Indeed, polly uses ScopPass, that creates serious limitations in
compatibility with other passes. To my understanding, scops are used
because ISL loop analysis tool uses scops. In fact, just for handling
OpenMP directives scops are not required, unless one need to make sure
OpenMP directive is set for loop with parallel iterations.
Btw, it would be very interesting to know more about your
project/purpose for this!
- D.
2011/9/8 Jimborean Alexandra <xinfi...@yahoo.com>:
> Hi,
>
> I want to execute the iterations of a loop in parallel, by inserting calls
> either to pthreads or to the gomp library at the LLVM IR level. As a first
> step, I inserted an omp pragma in a C file and compiled it with llvm-gcc to
> check the generated LLVM code. If I understand correctly, to parallelize the
> loop in LLVM IR, I have to separate the loop in a new function, put all
> required parameters in a structure, make the call to the gomp library, and
> restore all values from the structure in the original variables.
> Also, I have to compute the number of iterations allocated to each thread
> and insert in the loop body a new condition, such that each thread executes
> only its slice.
> Is that correct?
> As far as I know, both llvm-gcc and Polly already offer support for OpenMP,
> by inserting calls to the gomp library. Can this code be reused? Is there a
> pass that I can call to do all these code transformations?
>
> I had a look at the CodeGeneration from Polly. Is it possible to use it
> without creating the Scops, by transforming it into a LoopPass?
> Could you indicate how is this handled in llvm-gcc?
> Thank you for your help.
> Alexandra.
>
>
> _______________________________________________
> LLVM Developers mailing list
> LLV...@cs.uiuc.edu http://llvm.cs.uiuc.edu
> http://lists.cs.uiuc.edu/mailman/listinfo/llvmdev
>
>
On Thu, Sep 8, 2011 at 13:53, Jimborean Alexandra <xinfi...@yahoo.com> wrote:
> I had a look at the CodeGeneration from Polly. Is it possible to use it
> without creating the Scops, by transforming it into a LoopPass?

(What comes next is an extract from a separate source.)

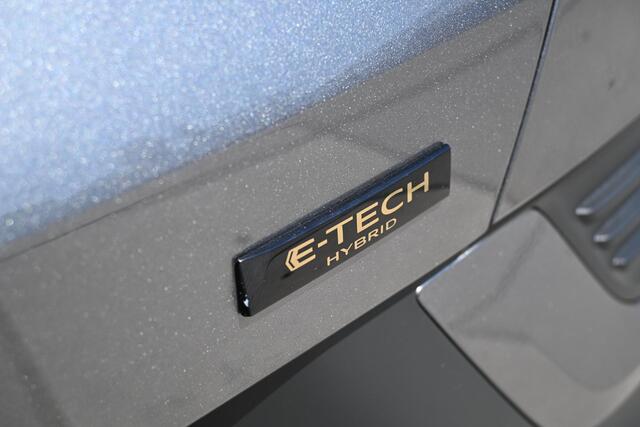 Renault Arkana E-Tech hybrid 145 Techno | TREKHAAK | SCHUIF/KANTELDAK | STUUR/STOELVERWARMING | NAVI | CAMERA | CRUISE CONTROL | CLIMATE CONTROL | PDC | LMV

Yes. If you don't want to use the autopar of Polly and just rely on
the pragmas inserted by the programmer, you don't need SCoPs.
You can have the parallel code generation part of Polly working as
a LoopPass.
If you want to use the auto-parallelization part of Polly, you have to
to restrict the form of the code on which data dependences can be
computed: this is done by using SCoPs (Static Control Parts).
Sebastian
Thanks Dimitry for moving this over. I would also have replied on the
LLVM list, but was away this weekend. Now I am back.

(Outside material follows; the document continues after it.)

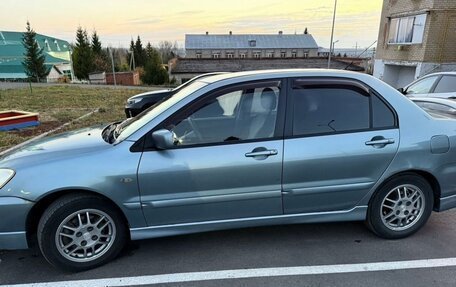 Mitsubishi Lancer IX, 2007 год, 500 000 рублей, 11 фотография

> Indeed, polly uses ScopPass, that creates serious limitations in
> compatibility with other passes. To my understanding, scops are used
> because ISL loop analysis tool uses scops.
Scops are used, as this is the problem domain we are working on. Scops
are not just loops, but can also be nested conditions without any loops.

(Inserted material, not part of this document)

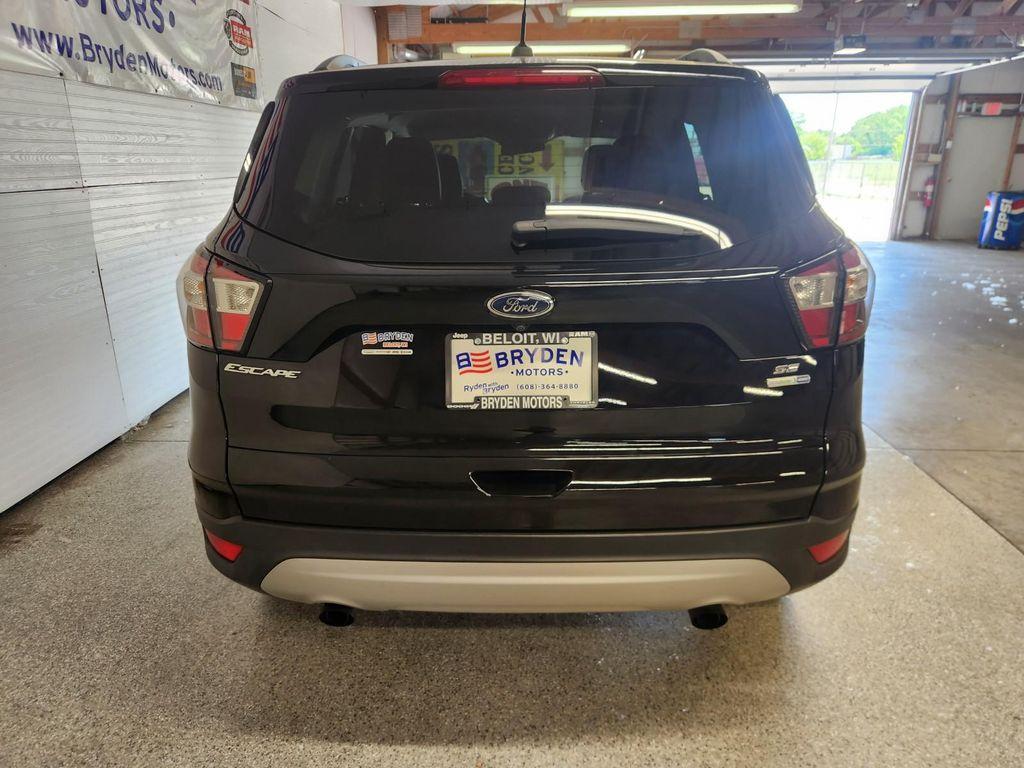 used 2018 Ford Escape car, priced at $13,246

Also describing them as loop passes is not what we want, as the idea of
our polyhedral description is actually to abstract away the specific
structure of the loops.
I would be very interested to hear what use cases you believe are
limited because of the use of ScopPass? If you are e.g. only interested
in Dependency Information or Alias Information, it might be possible to
create a LoopPass that proxies the relevant information, such that it is
available to other passes.
> In fact, just for handling
> OpenMP directives scops are not required, unless one need to make sure
> OpenMP directive is set for loop with parallel iterations.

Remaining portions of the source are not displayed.